The Court then addressed causation – whether Plaintiffs had alleged sufficient facts showing that the theft of the AvMed computers caused Plaintiffs’ injuries. The Court held that Plaintiffs’ allegations were sufficient to show that causation was “plausible”. Specifically, the Court relied on three allegations: (1) before the breach, Plaintiffs never had their identities stolen or sensitive information compromised; (2) before the breach, Plaintiffs took substantial precautions to protect themselves from identity theft; and, (3) Plaintiffs became the victims of identity theft for the first time in their lives 10 to 14 months after the laptops containing the PHI were stolen.
A key fact for the Eleventh Circuit was that the sensitive information on the stolen laptops was the same sensitive information used to steal Plaintiffs’ identity.
With respect to unjust enrichment (the one count that did not require causation), Plaintiffs alleged that a portion of Plaintiffs’ monthly premiums went towards AvMed’s data security administrative costs, and AvMed should not be permitted to retain that money because AvMed failed to implement proper security measures. The Court allowed this count to proceed.
The Dismissed Counts
The Eleventh Circuit did, however, affirm the dismissal of Plaintiffs’ negligence per se and breach of covenant of good faith and fair dealing. The negligence per se count was based on an allegation that AvMed violated Section 395.3025, Florida Statutes, by disclosing Plaintiffs’ health information without authorization. The Court held that because AvMed is a managed-care organization and not a hospital, ambulatory surgical center, or mobile surgical facility, it was not subject to the statute. The Court dismissed the breach of covenant of good faith and fair dealing count because any failure by AvMed to secure Plaintiffs’ data did not result from a “conscious and deliberate act” on AvMed’s part.

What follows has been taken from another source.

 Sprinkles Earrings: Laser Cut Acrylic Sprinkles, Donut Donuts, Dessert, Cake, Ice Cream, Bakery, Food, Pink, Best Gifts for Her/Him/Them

The opinion included a vigorous dissent that argued Plaintiffs had failed to allege a plausible basis for finding that AvMed caused Plaintiffs to suffer identity theft. The dissenting judge observed that an obvious alternative explanation for the identity fraud existed – an unscrupulous third party that possessed the Plaintiffs’ sensitive information might have sold it to identity thieves who opened the fraudulent accounts, or a careless third party might have lost the information that then found its way into the hands of those thieves.
What Are The Takeaways?
First, it is important to note that as of the date of this alert, the opinion is not yet final. That said, the opinion in its current form could lead to a dramatic uptick in data security litigation within the Eleventh Circuit, as plaintiffs will likely use the opinion to argue that the bar for causation in such cases is low and cognizable damages can be extensive (and arguably speculative).
Companies maintaining personally identifiable information and protected health information about residents in the Southeast United States would be well served to ensure that they are taking proactive steps to implement reasonable data security measures in an effort to avoid a data breach. In this instance, for example, encryption of the subject laptops might have prevented the subject lawsuits.